Sunday, May 06, 2007

Spring Break

Since you can't buy buttermilk in Turkey, I hadn't had pancakes in ages, so for three mornings in a row we made buttermilk pancakes over the camp stove, one at a time. It took Bryan an average of two hours to carefully cook the whole batch, using a special "wave the pan over flame" technique (after I severly burned the first couple of pancakes that ended up with soggy middles and a mild metal aftertaste, Bryan took over).

We went camping in Squamish for several days. It rained on us, but we got enough sunshine and a break from the wet to go rock climbing in the Smoke Bluffs for an afternoon. This was just a neat looking canyon through the granite.

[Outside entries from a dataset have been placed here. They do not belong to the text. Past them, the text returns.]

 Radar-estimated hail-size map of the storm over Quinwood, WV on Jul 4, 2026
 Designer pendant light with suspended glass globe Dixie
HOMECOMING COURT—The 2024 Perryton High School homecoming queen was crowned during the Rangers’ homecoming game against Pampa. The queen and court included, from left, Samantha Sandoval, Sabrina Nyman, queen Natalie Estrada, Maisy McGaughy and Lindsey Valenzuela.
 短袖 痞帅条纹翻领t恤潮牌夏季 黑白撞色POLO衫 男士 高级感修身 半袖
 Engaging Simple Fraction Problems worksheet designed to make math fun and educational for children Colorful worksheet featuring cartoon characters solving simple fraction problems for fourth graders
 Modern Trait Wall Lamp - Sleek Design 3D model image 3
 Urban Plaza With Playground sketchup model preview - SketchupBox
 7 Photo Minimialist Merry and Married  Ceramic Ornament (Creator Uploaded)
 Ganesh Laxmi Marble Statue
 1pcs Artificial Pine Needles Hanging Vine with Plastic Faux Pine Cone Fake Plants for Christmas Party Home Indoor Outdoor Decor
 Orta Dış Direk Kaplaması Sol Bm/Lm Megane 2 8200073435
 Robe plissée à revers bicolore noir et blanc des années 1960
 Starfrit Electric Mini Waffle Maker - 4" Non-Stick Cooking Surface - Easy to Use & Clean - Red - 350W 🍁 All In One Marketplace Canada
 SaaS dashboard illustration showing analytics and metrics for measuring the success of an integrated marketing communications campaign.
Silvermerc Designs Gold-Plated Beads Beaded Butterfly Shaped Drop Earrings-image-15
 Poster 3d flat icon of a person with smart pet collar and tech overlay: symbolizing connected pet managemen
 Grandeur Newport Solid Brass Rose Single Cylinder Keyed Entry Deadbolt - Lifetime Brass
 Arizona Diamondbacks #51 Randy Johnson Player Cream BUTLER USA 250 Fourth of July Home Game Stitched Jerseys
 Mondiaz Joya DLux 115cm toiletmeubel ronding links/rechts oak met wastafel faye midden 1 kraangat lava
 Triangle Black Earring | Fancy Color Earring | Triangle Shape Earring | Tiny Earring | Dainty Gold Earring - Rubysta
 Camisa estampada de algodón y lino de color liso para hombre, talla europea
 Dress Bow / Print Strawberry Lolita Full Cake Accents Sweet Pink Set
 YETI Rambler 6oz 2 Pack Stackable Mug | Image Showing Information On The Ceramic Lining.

This tree had fallen (with encouragement) from a rock face above and got turned into one of the coolest staircases I've ever seen - 50 stairs out of one log!

At climbing on one of the faces in Squamish

Bryan and one of the beautiful, raging waterfalls near the Chief.

The next day, since it was quite rainy, we decided to hike to the top of the Stawamus Chief. For those of you who don't know Squamish but are familiar with Yosemite, it's like taking El Capitan and laying it on it's side. The chief is basically a huge cliff of granite. We hiked up and around the back side of it to two of the three "peaks" (highest points - around 690 - 710 meters respectively).

It rained the whole time we were hiking, right up until the end when we were almost back at the trailhead. We didn't actually make it to the top of either of the two peaks we hiked too - the wind was blowing so fiercely we didn't want to end up flying over the shear cliffs off to one side, and it was cold enough that we didn't feel the need to clamber up the last 15 meters of bare rock. It was really fun and really beautiful!

Looking out at Howe Sound from the trailhead area.

The Chief (we were almost at those top bits!) from Squamish.

More photos of Howe Sound in rare moments of sunshine.

Part of Whidbey Island and other watery-green places in Western Washington, from a mountain.

Bryan overlooking Whidbey Island, WA

Rock climbing in Washington

For my Spring Break, I flew to Seattle where Bryan picked me up. We went to the Symphony and heard Bobby McFerrin sing, drove out to Port Angeles and went to church and stayed with his parents, took a ferry and drove up through Washington, visited Camp in Canada, went camping, climbing, and hiking in Squamish for a few days, and came back to Seattle in time for me to fly out a week later. It was a very, very nice break for me (no big cities! clean air! No traffic! fresh water! TREES! the outdoors!) even if it wasn't as exotic as going to Egypt (though safer and cheaper.)